WHAT TO PRODUCE
Beginning with the line that includes "Make Yourself Proud LGBT Pride" and ending with the last line, print the records exactly, leaving every picture out.

Captioned web image data:
<<<<

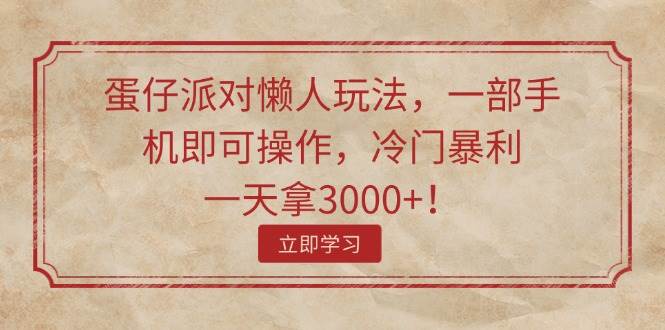 蛋仔派对懒人玩法，一部手机即可操作，冷门暴利，一天拿3000+！-蓝海无涯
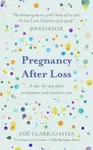 Pregnancy After Loss - Zoe Clark-Coates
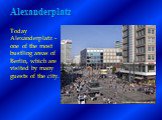 Today Alexanderplatz - one of the most bustling areas of Berlin, which are visited by many guests of the city.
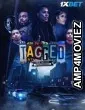Tagged The Movie (2023) HQ Telugu Dubbed Movie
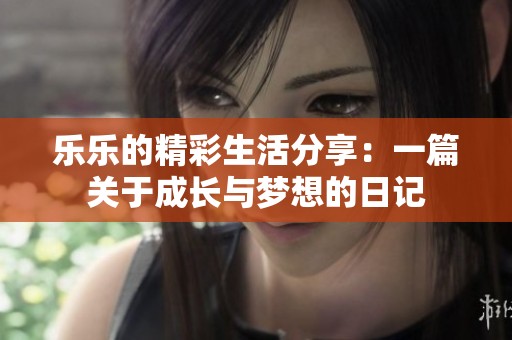 乐乐的精彩生活分享：一篇关于成长与梦想的日记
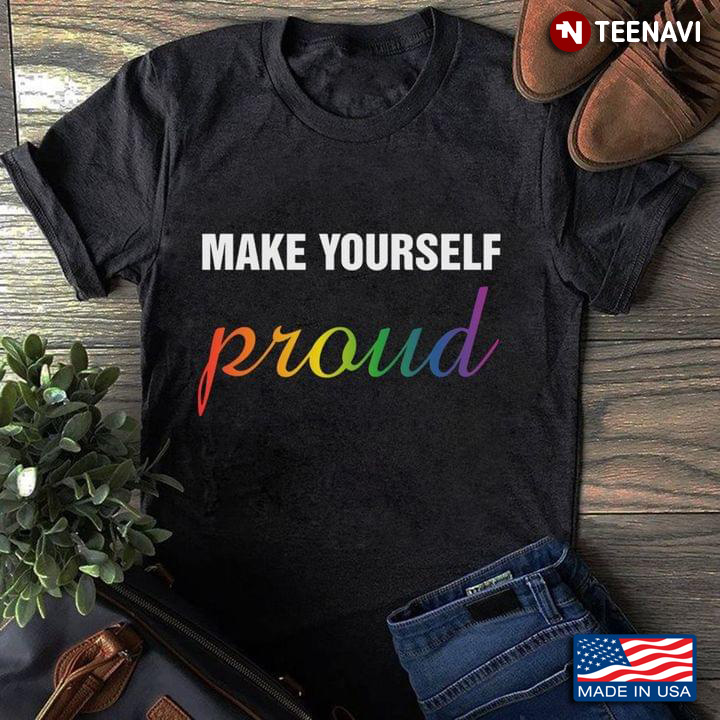 Make Yourself Proud LGBT Pride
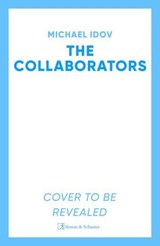 The Collaborators - Michael Idov - 9781398537774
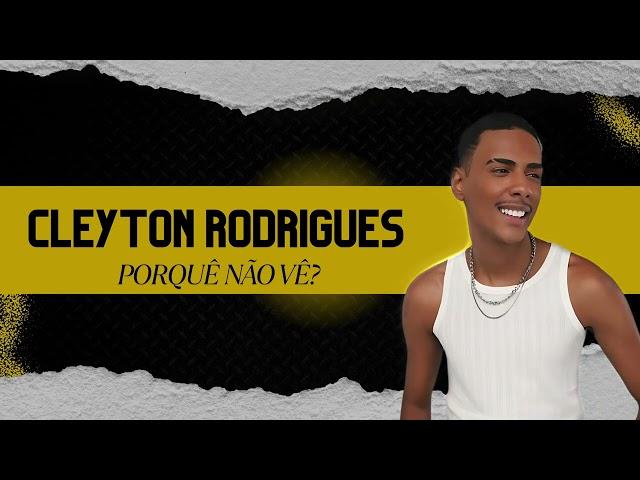 Cleyton Rodrigues - Porque Não Vê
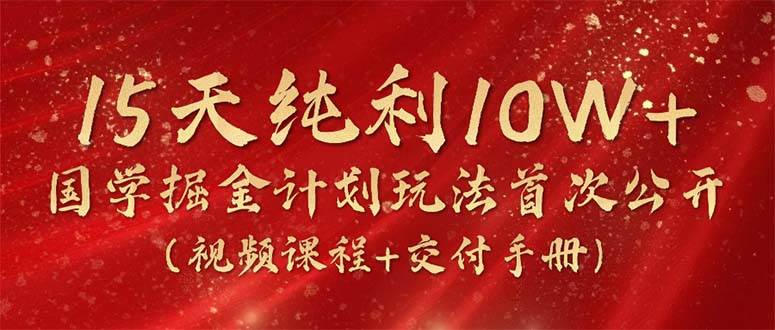 15天纯利10W+，国学掘金计划2024玩法全网首次公开（视频课程+交付手册）-六道网创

>>>>

COMPLETED TASK
 Make Yourself Proud LGBT Pride
 The Collaborators - Michael Idov - 9781398537774
 Cleyton Rodrigues - Porque Não Vê
 15天纯利10W+，国学掘金计划2024玩法全网首次公开（视频课程+交付手册）-六道网创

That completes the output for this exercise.